In light of the recent news I’ve shared about Annette, it feels a bit odd to jump back into discussing leafy greens and quinoa (or any other health-promoting food stuff) in my next blog post. And this is probably why it’s been a few weeks since I’ve posted. I’ve had a tough time trying to figure out what to say! Annette is, after all, not only my coauthor, but also a dear, dear friend.

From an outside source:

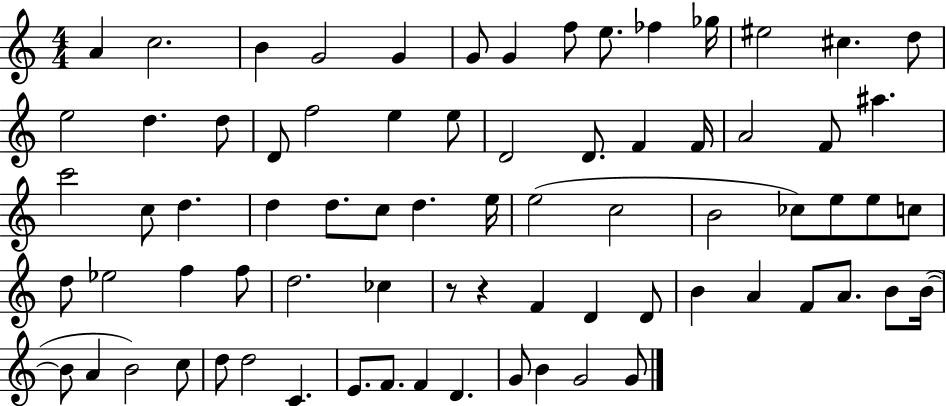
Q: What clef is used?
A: treble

I was asked in an interview last night on Because Hope Matters Radio (listen to the interview here) a little about how Annette’s cancer recurrence has affected us in terms of our message and support we offer through Kicking Cancer in the Kitchen and here, on our website. In other words (and this is MY own words, not how this was asked on the radio show!) what does it mean if Annette, someone who promotes eating well to fight cancer and is so healthy herself, gets cancer again? Perhaps others wonder this as well.
Unfortunately, I don’t have an answer. At least, not a simple one.
Annette has led a beautifully healthy lifestyle – diet, exercise, etc. – over the last several years since her first cancer diagnosis. [You can read about Annette’s and my cancer stories in detail in our book, but long story short – Annette was diagnosed with breast cancer and found she has the BRCA1 genetic mutation, which increases her risk for certain cancers. She was diagnosed with ovarian cancer two years after her breast cancer diagnosis. She had treatment for both. A few years later (now) – ovarian cancer recurrence.]
Many studies have shown that a plant-focused diet reduces cancer mortality rates and that vegetarians live longer and have lower cancer rates , that lifestyle changes can actually turn cancer genes on and off , and that chemicals in plants protect against cancer in many ways . Studies have also shown that a healthy diet helps to prevent late effects (a late effect is a health problem that occurs months or years after a disease is diagnosed or after treatment has ended. It’s caused by cancer or cancer treatment).  Most experts agree that some form of a plant-focused diet this is an optimal way to eat! And it is.
Eating a whole-food, plant-based diet improves quality of life on many levels, with or without cancer. This, in my opinion, is reason alone to eat in such a way. You just feel good – great, actually. Generally, you have more energy, better moods, feel stronger, and have fewer health problems. If a person is going through cancer treatment, it’s very likely that he or she would feel far better than he/she would have if eating a poor, processed, high-sugar diet. If a person who isn’t facing cancer eats a more health-sustaining diet, he/she will likely feel better. That seems logical, right?
A plant-based, whole-food diet also supports your body on many levels – immune system, digestion, blood health, heart health, mental clarity, bones, tissues, organs. The food we eat becomes us, plain and simple.
What isn’t quite so plain and simple is the formation of disease, or the environment in which disease thrives, at least not specifically. There are so many beliefs and theories, some evidence-based, some partially, and some are simply opinions. Believe me, I’ve read it all (how many of these have you heard about?) – pH levels in the body, inflammation, toxin overload, digestive health affects immunity, conventional treatment (like chemotherapy) creates a cancer-friendly environment in the body, the affects of stress, how mindset affects disease and health…and on and on. Much of this is quite credible, and more than likely, it’s a combination of several of these causes in relation to food, environment, stress management and genetics.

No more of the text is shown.